There are a few similarities between the sources. A similarity between source 16 and 18 is that they both state that children of a lower class could be excused from compulsory education if they had a good reason. This is shown in source 16 on lines 41 and 42 where it says ‘girls would be frequently missing from school on washdays’ in source 18 it agrees with source 16 as it says ‘unless there is some reasonable excuse for attendance’ This means that working class girls may be excused from school if they have a reason. Another similarity is that source 17 implies that that the state was going to ‘fill the gaps in the provision supplied by the voluntary sector’ This is similar to source 18 were it says on line 50 ‘where there is an insufficient number of schools, a school board should be formed to set them up’ form this evidence, I know that the school boards tried hard to ‘fill in the gaps’ and create better, compulsory education for all children.
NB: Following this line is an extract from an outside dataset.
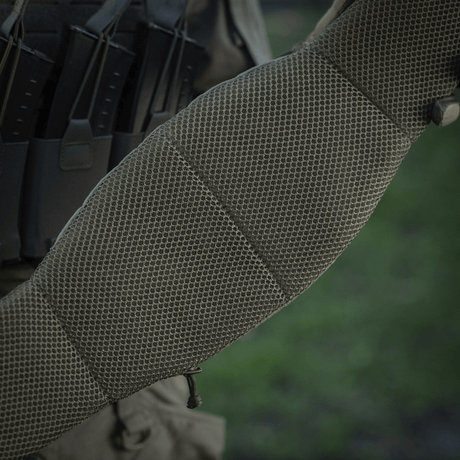 Close-up of M-Tac War Belt ARMOR with MOLLE-webbing, designed for tactical use and durable Cordura 500D construction.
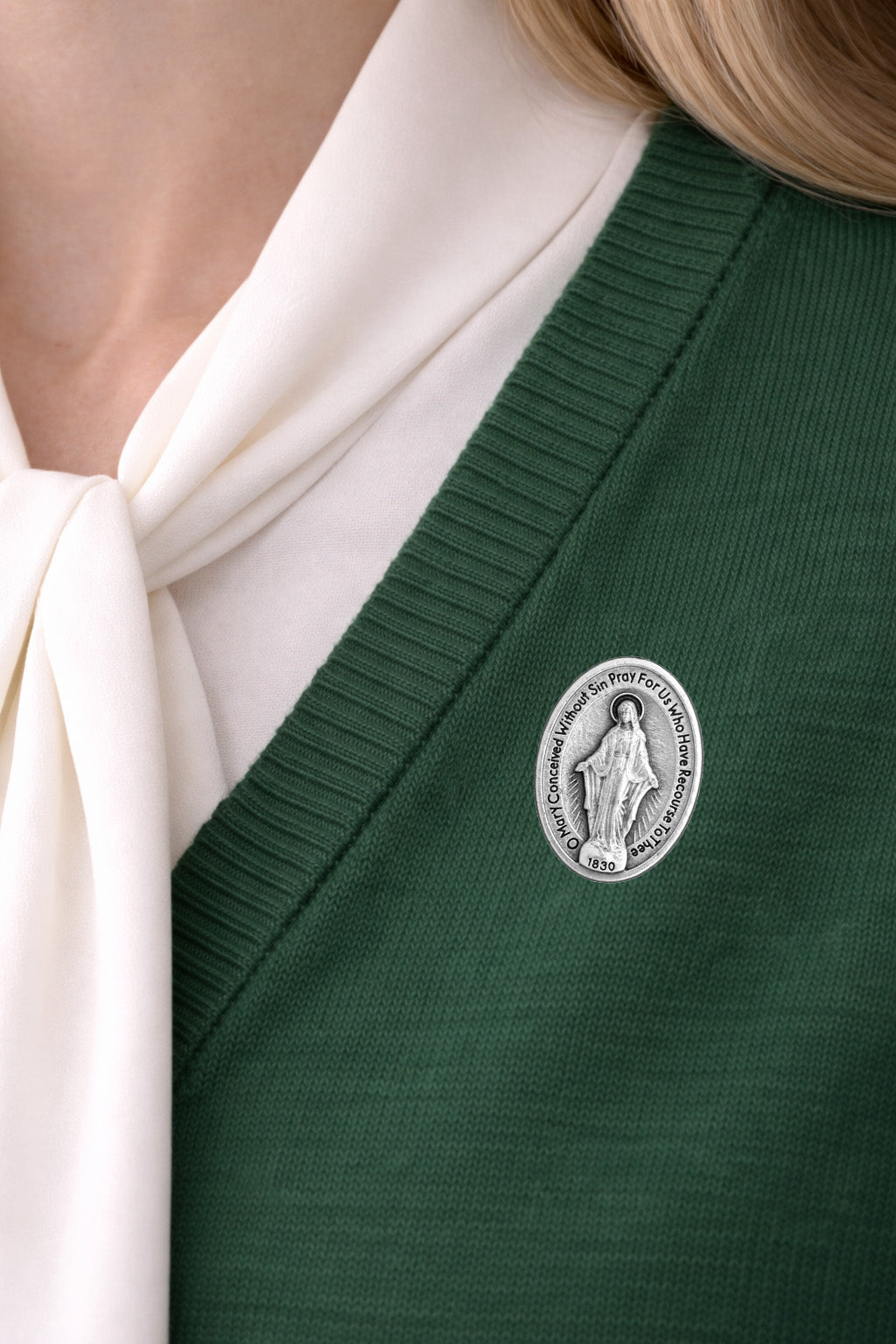 Miraculous Medal Mother Mary Lapel Pin green sweater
From my own knowledge I know that the school boards comprised mainly of women as they were available to take part in such boards.

However, I disagree to some extent with the view that the education act of 1870 was a significant step forward in the educational opportunities for girls because from my own knowledge I know that Victorian England was greatly segregated into class systems. Working class girls did not benefit from the education act due to needing to help their mother’s at home or to go to work in the work houses. Most pauper families could not afford to lose a wage and therefore did not make their children attend school. Upper class girls were also unaffected by the educational act of 1870 due to not needing a public education as they could have been taught at home by a governess with other girls of the same class. However, middle class girls were the only class that were affected by the act and therefore had a better opportunity at an education. This is supported by source 17 as it explicitly suggests that the poorer families lost out when it came to educating young girls due to the fees. Therefore I do not believe that the education act of 1870 was a significant step forward for educational opportunities for girls because it only benefited middle class girls, when the population was largely made up of working class girls.
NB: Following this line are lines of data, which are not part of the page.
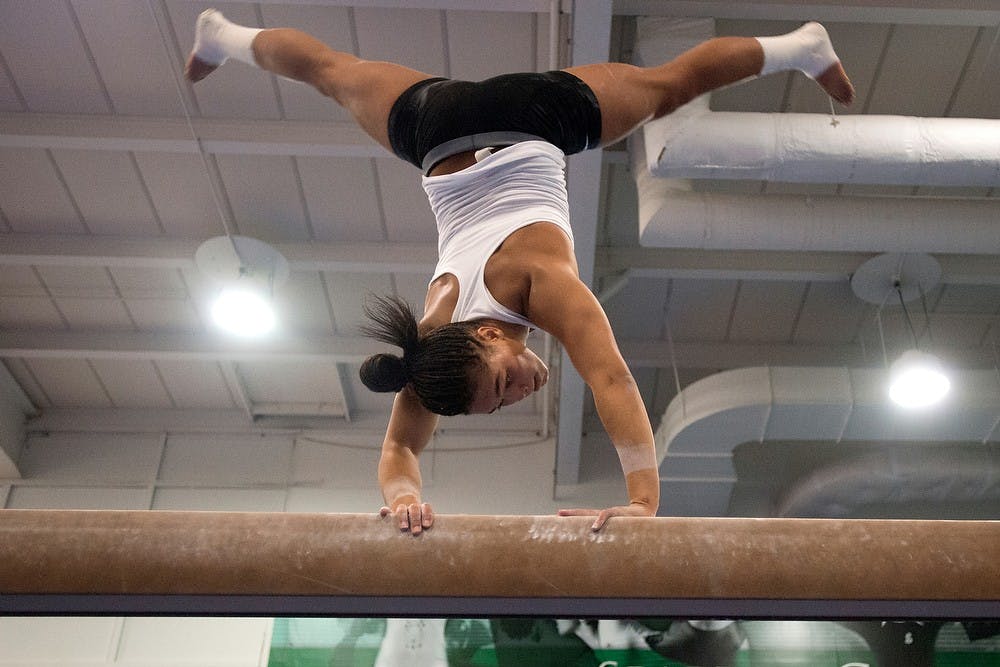 	<p>Junior gymnast Alina Cartwright practices on the balance beam Jan. 14, 2014, at Jenison Field House. Cartwright started gymnastics when she was three years old, just as a way to burn off some energy, but as she got older, she realized this was a sport she wanted to pursue. Julia Nagy/The State News</p>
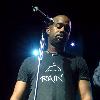 Yokota Air Base, Japan -- Darius Rucker, lead singer of Hootie and the Blowfish, listens to Staff Sgt. Tami Bonne sing "Amazing Grace" during an Operation Pacific Greetings tour concert here May 19. Sergeant Bonne is a vocalis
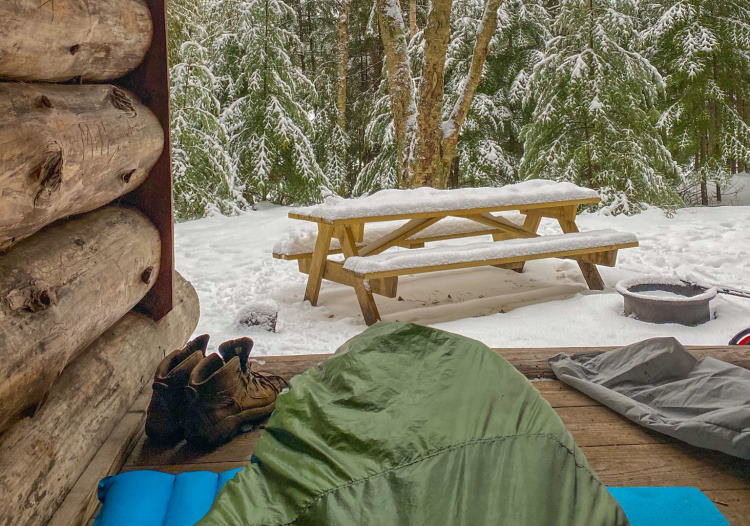 Looking out onto a snowy landscape from a camping shelter in the Adirondacks.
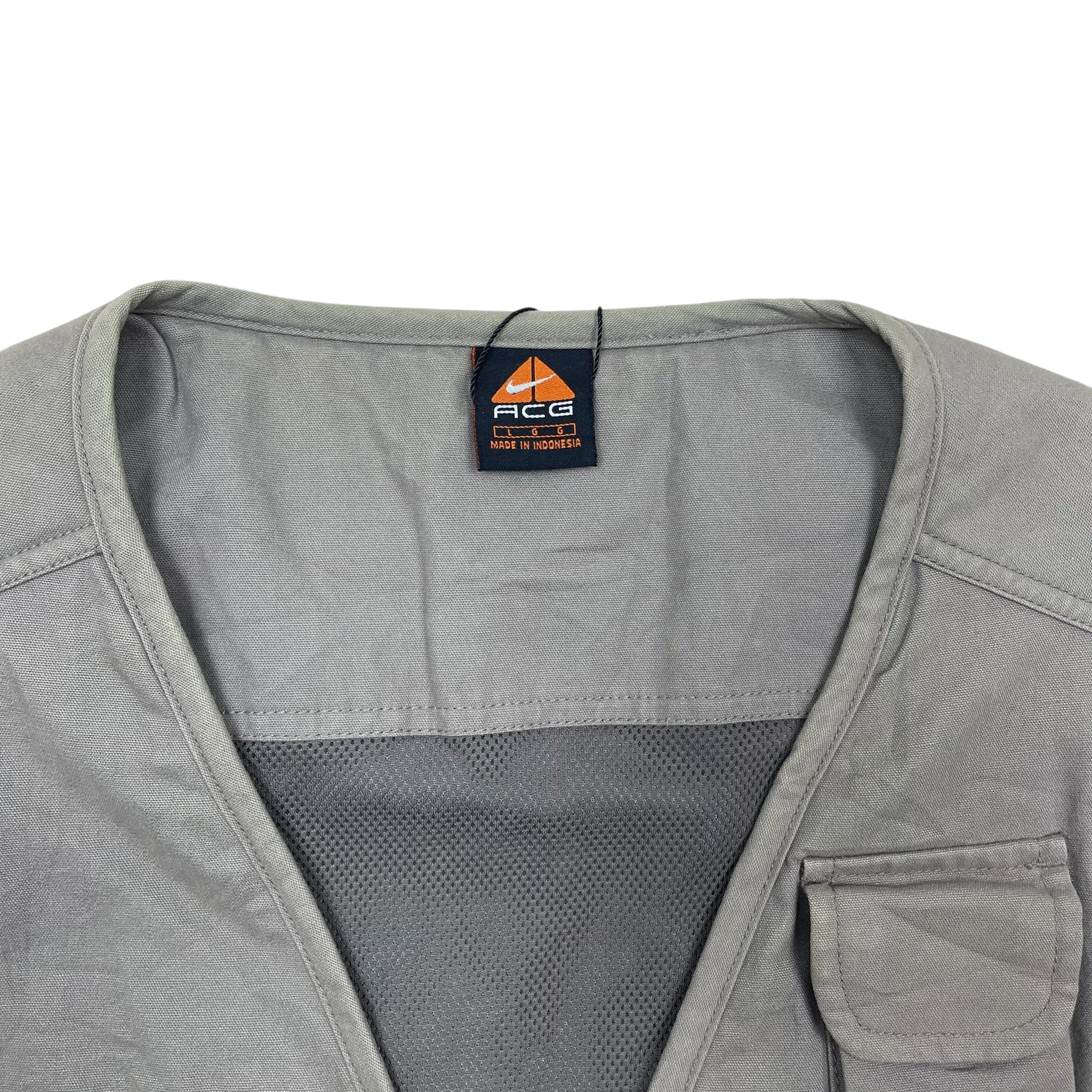 Zenno Archive Nike ACG 90s tactical vest in brown with mesh detailing and interior size L label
Source 18 is a primary source, this means that the source was written at the time the act was made (1870), it shows that children aged 5-13 may not attend school if there was a justifiable reason not to. There are a few differences between the sources. One difference is that source 17 suggests that the underlying importance of the education act was to fill in the gaps in the provision that was supplied by the voluntary sector, whereas source 16 implicitly suggests that the most important component of the education act was that it needed to be improved due to the limited curriculum.
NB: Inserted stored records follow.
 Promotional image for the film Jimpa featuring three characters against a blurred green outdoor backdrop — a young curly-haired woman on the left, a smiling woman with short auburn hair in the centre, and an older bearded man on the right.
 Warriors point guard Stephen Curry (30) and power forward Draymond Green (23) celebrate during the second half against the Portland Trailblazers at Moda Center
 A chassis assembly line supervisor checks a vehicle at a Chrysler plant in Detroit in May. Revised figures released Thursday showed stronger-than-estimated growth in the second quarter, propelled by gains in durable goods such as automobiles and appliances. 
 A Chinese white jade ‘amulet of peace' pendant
Also, another difference is that sources 16 and 17 imply that children would often be missing from school on wash days; however in source 18 it suggests that the school board would make by-laws requiring the parents of the children aged 5-13 to attend school. This means that the education act made schooling compulsory and actions would be taken to ensure children attend school. To conclude, I agree with the view that the Education act of 1870 was a significant step forward in the educational opportunities for girls to a limited extent. I think that the act was relatively ineffective for girls if they weren’t middle class. I also think that other laws should have been passed that would positively affect the lives of working class girls. However, the act was a significant step forward for middle class girls as their parent’s did not need the extra wage and they could attend school on a regular basis and have a better education than before the act was passed.